Em 2012, uma forte tempestade solar passou de raspão na Terra. Se ela tivesse acertado, possivelmente estaríamos nos recuperando até hoje.

Por Fábio Marton
Atualizado em 21 Maio 2021, 12h17 - Publicado em 20 Maio 2021, 19h27

Entre 1 e 2 de setembro de 1859, a noite virou dia em algumas partes do mundo. Mineiros nos EUA acordaram de madrugada, achando que havia amanhecido, e começaram a preparar o café, até olharem nos relógios. Não era o sol, mas auroras boreais, que foram avistadas em latitudes baixas, como o Caribe e o sul do Brasil. Os mais religiosos acreditaram que era o apocalipse. Outros ficaram maravilhados com o que assistiram: um jornal de Baltimore, nos EUA, escreveu sobre “uma luz maior que a da lua cheia, mas com suavidade e delicadeza indescritíveis, que pareciam envolver tudo o que tocavam”. 

Menos encantados ficaram os telegrafistas. A coisa causou um pico de corrente elétrica que deu choques em seus operadores, formou arcos voltaicos nos fios e destruiu, com incêndio, um monte de equipamentos. Outros telegrafistas aprenderam a simplesmente desligar o aparelho do suprimento de energia (então na forma de baterias) e trabalhar só com a energia induzida nos fios pelo fenômeno. 

O que aconteceu? Dois astrônomos amadores britânicos, Richard Carrington e Richard Hodgson, haviam observado uma maciça explosão na superfície do Sol, emitindo matéria, no dia 1º de setembro. Em novembro, suas observações desse evento, até então desconhecido, foram apresentadas à Sociedade Astronômica Real. Quando veio o clarão de dezembro, então, outros astrônomos ligaram os pontos. 

O Evento de Carrington, como ficou conhecido, foi uma tempestade solar – de fato, a mais forte de que temos notícia.
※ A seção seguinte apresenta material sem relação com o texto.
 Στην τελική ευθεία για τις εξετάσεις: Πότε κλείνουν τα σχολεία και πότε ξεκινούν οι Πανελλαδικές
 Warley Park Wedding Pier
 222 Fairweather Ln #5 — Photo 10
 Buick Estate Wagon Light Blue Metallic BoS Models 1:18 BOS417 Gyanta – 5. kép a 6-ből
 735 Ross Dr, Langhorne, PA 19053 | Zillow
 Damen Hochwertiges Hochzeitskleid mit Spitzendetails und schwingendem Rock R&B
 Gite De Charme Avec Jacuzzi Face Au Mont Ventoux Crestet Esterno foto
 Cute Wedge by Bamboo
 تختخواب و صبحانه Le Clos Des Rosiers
Essas erupções, que lançam partículas e campos eletromagnéticos fortíssimos espaço afora, acontecem o tempo todo, mas raramente atingem a Terra – em 2012, uma erupção com a mesma intensidade de 1859 passou de raspão pelo planeta. 

O que aconteceria se essa de 2012 tivesse nos atingido? Possivelmente, estaríamos nos recuperando ainda hoje.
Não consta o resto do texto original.